Feedback Management

We see feedback management as the capture, management and analysis of customer initiated feedback. While complaints are widely viewed as the primary form of customer feedback, compliments, issues, inquiries, requests or even simple comments are valuable sources of customer information.

What can effective Feedback Management do for you?

Effective feedback management will help you gain a better understanding of your customers. By giving your customers a voice you will receive information vital to improving your service levels. And by capturing and analyzing feedback, effective changes can be implemented to increase efficiencies, develop and improve your products and services and build competitive advantage.

The Feedback Management Ladder – where are you?

There are many steps of progression an organization will go through before it is truly utilizing customer feedback as a cornerstone of business success.

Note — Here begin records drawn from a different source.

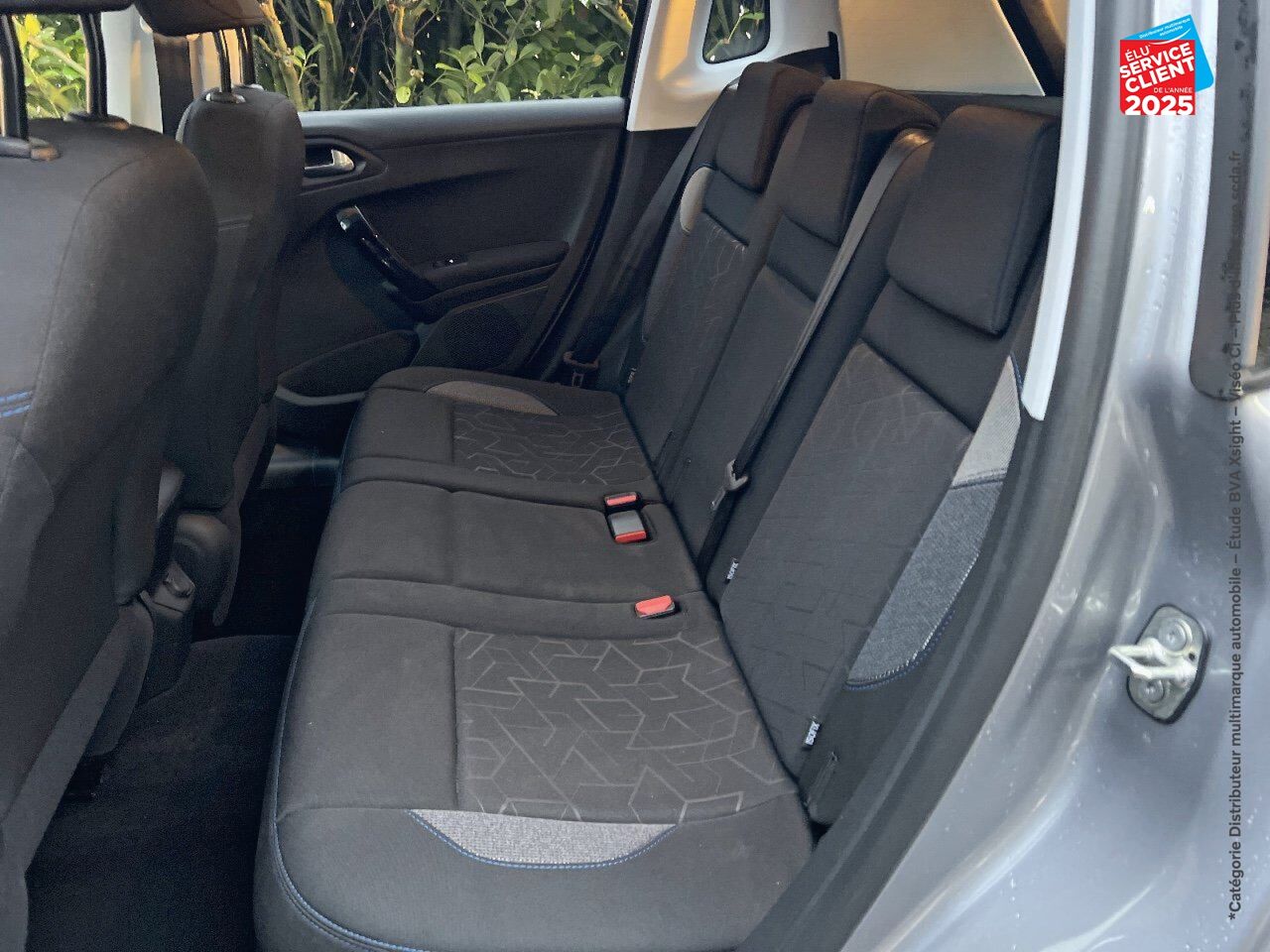 Véhicule d'occasion PEUGEOT 2008 1.2 PURETECH 82CH E6.C SIGNATURE SS chez Nissan Beaune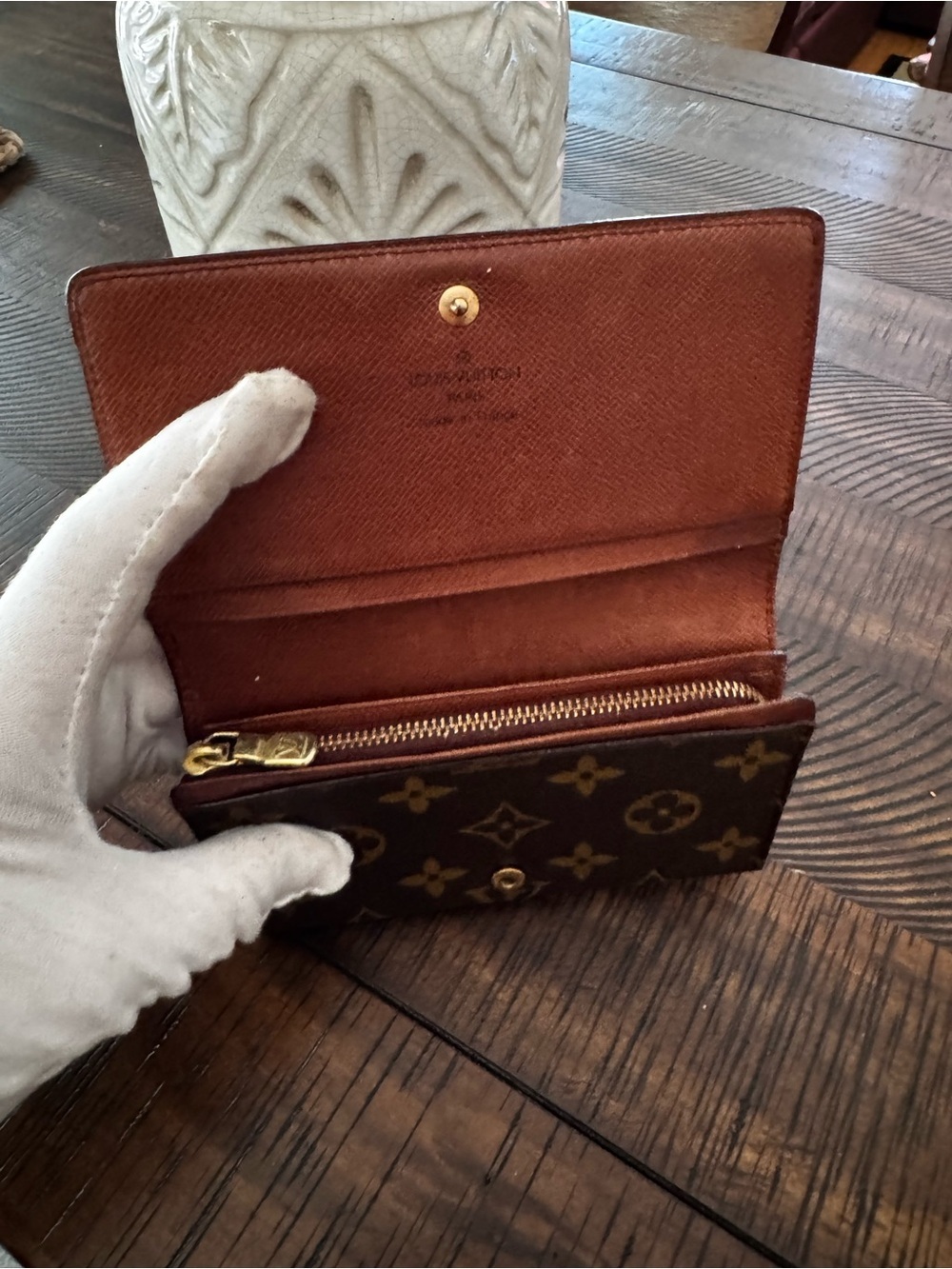 Just in 🔥Louis Vuitton Monogram Porte Monnaie Billets Tresor Bifold Wallet/ - Picture 7 of 17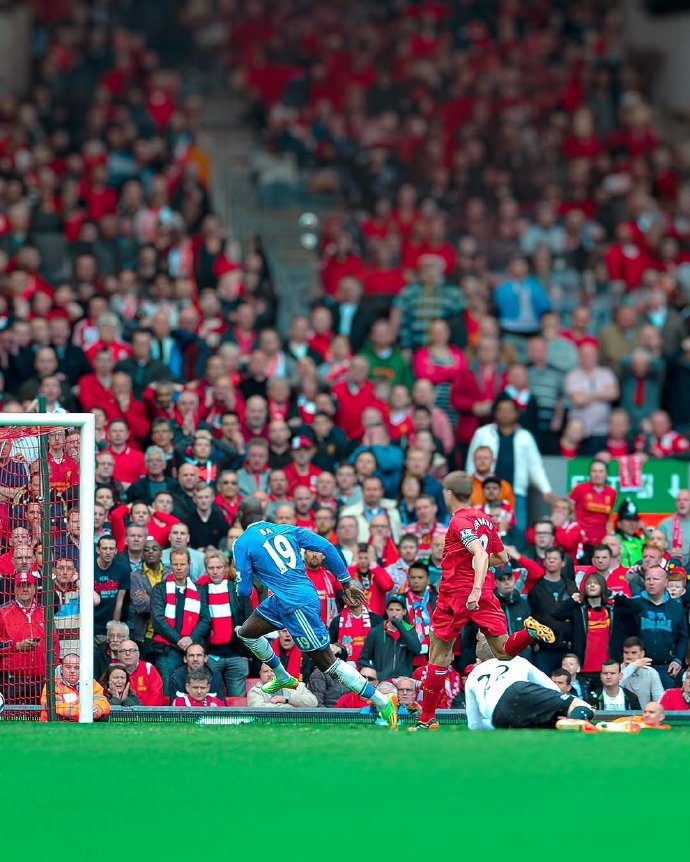 爱体育-盛况空前!欧洲国家足球比赛吸引众多球迷驻足观看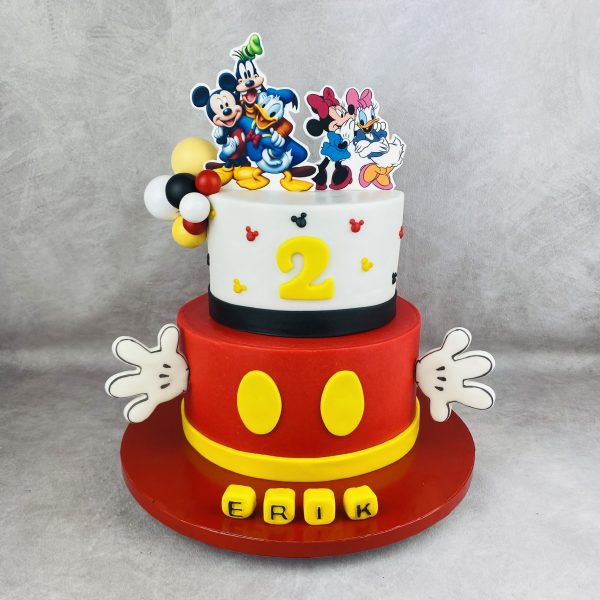 Tarta de cumpleaños de Mickey Mouse personalizada, de Bonacasa Cake Design (Madrid)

At the most extreme end of the scale, enterprises have no feedback handling processes whatsoever. Complaints simply aren't on their radar and, with no viable means of evaluating the customer experience, they are essentially selling blind to their markets.

Moving up the scale, organizations will generally regard complaints as an expensive nuisance. Customer feedback is not actively solicited, and any customer data that is retained is generally logged through a non-specific system - essentially little more than data collection. Overall, the customer experience is likely to be hit and miss, with limited understanding of the customer-base which places restrictions on the ability to improve service levels.

As the progression of feedback management continues, organizations will begin to implement structured systems for dealing with customer complaints, although other forms of feedback may still be neglected. These enterprises may well have the capability to manage information effectively, with complaints often managed by a central team. However dealing with complaints is still likely to be seen as a resource drain, and there is unlikely to be a corporate wide focus on the analysis of the customer data.

Higher up the ladder will be organizations who actively seek to manage not only complaints but customer feedback as well. These enterprises encourage feedback from their customers across a variety of touch points. As businesses develop their complaint and feedback management infrastructures, they can begin to utilize customer data to learn about their customers' overall experience, allowing them to identify and implement improvements. Feedback data can be shared across the organization, and the knowledge gained used to implement continuous improvements to customer service. And, because feedback is managed so proactively, businesses can realize real and direct benefits.